Church of Euthanasia ~ At the Theater
Corina:What are you up to? We’re up on the rock on top of some abandoned house with narco and BFMV suspects in it. We’re waiting for them to hit some places.
Powell:Sounds almost as exciting as our last call. It was right out of Gorillas in the Mist.
LAPD:To all units, CHP advises their officers are in pursuit of a vehicle failing to yield, white Hyundai, license 2KFM102, now approaching Glennoaks. (high speed chase, King pulls over)

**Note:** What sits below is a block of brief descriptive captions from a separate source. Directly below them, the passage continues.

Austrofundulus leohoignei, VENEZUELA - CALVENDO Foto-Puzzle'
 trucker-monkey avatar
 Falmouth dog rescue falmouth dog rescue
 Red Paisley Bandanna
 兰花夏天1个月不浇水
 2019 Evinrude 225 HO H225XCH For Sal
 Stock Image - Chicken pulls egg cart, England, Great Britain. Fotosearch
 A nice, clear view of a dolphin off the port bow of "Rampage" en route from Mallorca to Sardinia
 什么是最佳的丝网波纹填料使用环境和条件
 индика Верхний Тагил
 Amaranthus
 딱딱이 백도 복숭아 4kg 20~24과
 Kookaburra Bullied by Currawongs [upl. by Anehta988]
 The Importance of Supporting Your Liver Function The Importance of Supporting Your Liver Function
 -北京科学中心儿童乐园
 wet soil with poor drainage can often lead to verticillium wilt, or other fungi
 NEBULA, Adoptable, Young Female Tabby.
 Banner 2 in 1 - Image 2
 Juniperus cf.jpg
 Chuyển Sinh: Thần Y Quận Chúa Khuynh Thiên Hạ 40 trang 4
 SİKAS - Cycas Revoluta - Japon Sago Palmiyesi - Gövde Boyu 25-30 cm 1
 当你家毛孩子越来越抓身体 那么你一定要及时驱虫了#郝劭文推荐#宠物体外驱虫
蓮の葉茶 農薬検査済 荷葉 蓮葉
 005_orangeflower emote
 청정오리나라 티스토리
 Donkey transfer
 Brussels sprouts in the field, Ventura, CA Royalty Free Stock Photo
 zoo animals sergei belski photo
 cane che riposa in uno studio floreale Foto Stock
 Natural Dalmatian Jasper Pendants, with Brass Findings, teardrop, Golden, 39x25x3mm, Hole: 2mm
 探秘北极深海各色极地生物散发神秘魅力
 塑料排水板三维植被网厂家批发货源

P.A.:Driver! Put your hands out the window! Take your left hand, unlock the door, and step out!
Singer:What’s your name?
King:Glenn.
Singer:Get down on the ground, Glenn. (pause) Get down on the ground!
King:Why you want me to get on the ground?
Singer:Get your hands away from your butt! Hit the ground!
Koon:(to Singer) Get back, we’ll handle. (to King) Get down on the ground! If you don’t start following orders, I’m going to electrocute you! Powell! You’re the designated shooter! (scuffle, King Tased, screams) Anyone else have a Taser?
others:Lie down! Put your hands up! Put your hands behind your back, nigger!
Koon:Powell and Wind, batons! Power strokes! (King beaten)
Koon:(later) You just had a big time use of force. Tased and beat suspect of CHP pursuit, big time.
LAPD:Oh, well. I’m sure the lizard didn’t deserve it. Ha ha. I’ll let them know, OK?
other:Sounds like monkey slapping time.
Powell:Ooops.
car 2:Ooops what?
Powell:I haven’t beat anyone this bad in a long time.{{{car 2: Oh not again. Why for you do that? Thought you agreed to chill out for a while. What’d he do?
Powell:I think he was dusted. Many broken bones later, after the pursuit.
King:(waking up at hospital) What happened?
Powell:We played a little baseball tonight, didn’t we?
King:What do you mean?
Powell:We played a little hardball, and you lost.
Transcripts of radio communications the night of the Rodney King beating, excerpted from GQ.